Anyway back to the brilliant Third Reich tour.  Easily the best aspect of the tour was our guide.  Louis was a ranting, energetic, interesting, knowledgeable and funny Englishman.  What more do you want from your guide on a tour?  He had studied German history (particularly world war 2) in Manchester and had moved to Berlin as a result of his interest and is currently completing a Masters about Nazi Germany.  This guy had a passion for the subject.  This guy knew his stuff.  This guy was even a good guide at organising the group, keeping people moving and balanced out the discussion throughout.  This guy was great.  I am sure the topic and walk itself would make it a 7 or 8 out of 10 tour anytime in my eyes but with Louis this was the only 10 out of 10 tour I have done.
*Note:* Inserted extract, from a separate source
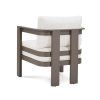 Monaco OUTDOOR Brown Chair back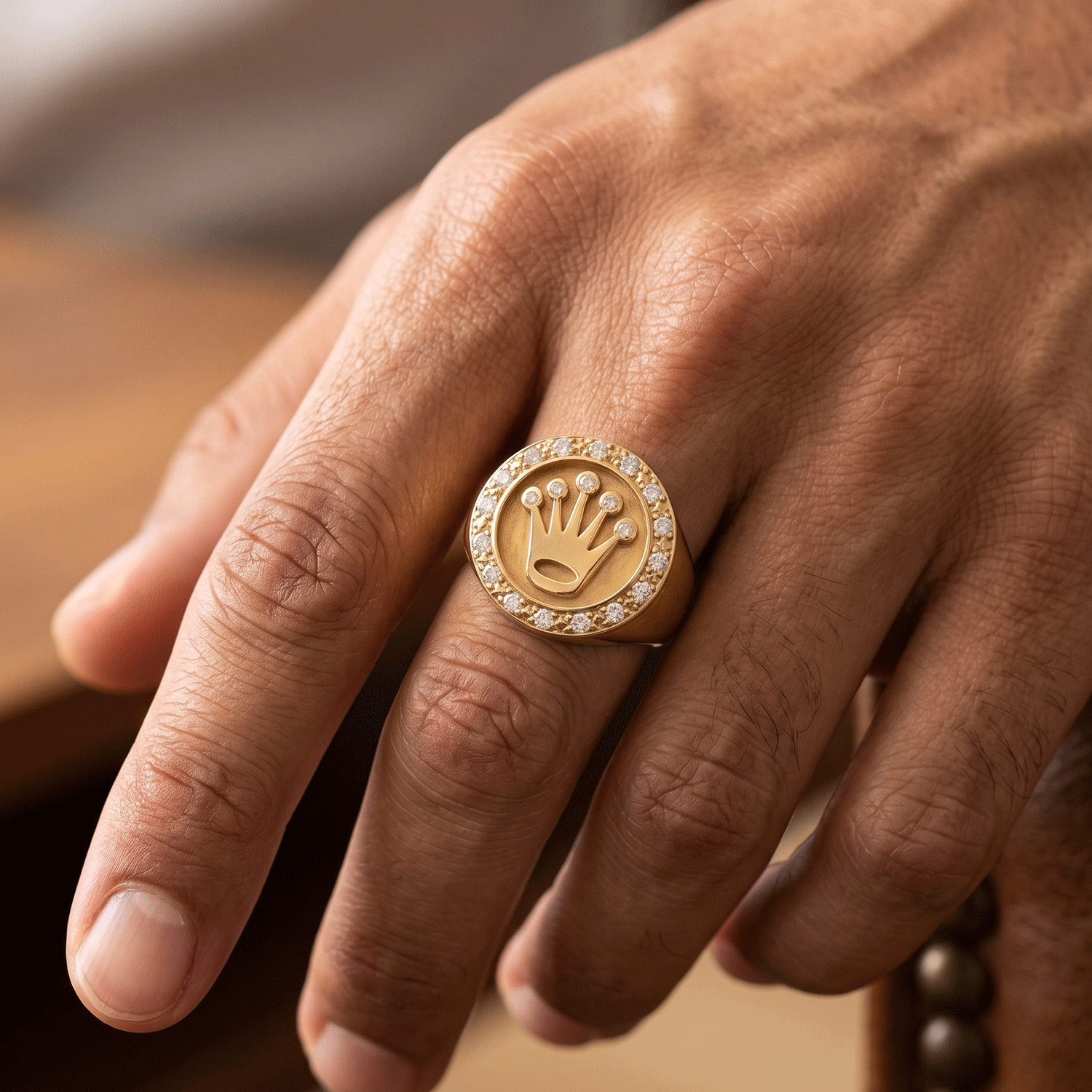Anillo de Oro 18 quilates Con Brillantes (Rolex)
So what did the tour cover.  Well for starters we learnt (and although there were no footnotes and references I trust Louis when he knows as much as he did) that the Hitler had one testicle myth has actually been proven in the last few weeks as a world war one injury report has been discovered that confirms he had to have one removed.  Now that’s a good start to the tour.  As we walked around Louis went on to explain why the Nazis started fighting the Russians (something I never knew), the details of the Russian liberation of  Berlin (something I knew little about particularly the tactics used as well as the well supported allegations of rape and other offences committed by the russian soldiers),  Goebbels horrific last few days where he and his wife murdered their six children, how the soldiers at the end of the War had been under 12 years of efficient and extensive propaganda by the end of the war(which is quite a bit for a 21 year old soldier fighting on the front lines) and much more all before the break.

After the break at a local kebab place we were walked through the topography of terror but Louis made sure to not cover details explained on the displays for people who have been or wanted to go, walked us through the jewish district and also discussed the allied “crimes” of  world war two (The bombing of Dresden) ensuring that we had some perspective as well as explaining the Neo Nazi situation.  It was a full on tour where even I (as someone who has a greater than normal knowledge of and interest in the topic) learnt a LOT of stuff.  My brain may now be full haha. Just a side note for me,  Louis recommended the book “Inside the Third Reich” by Albert Speerand the German movie Downfall.

Now I am going to rest my tired legs.  I am really feeling the effect of 6 weeks of solid travel with tired legs and also somewhat exhausted.  As much as I can’t wait for tomorrow and the next almost two weeks of travel.  I really am looking forward to getting home, seeing friends and family and just being a bit more relaxed (ie Lazy) for a while.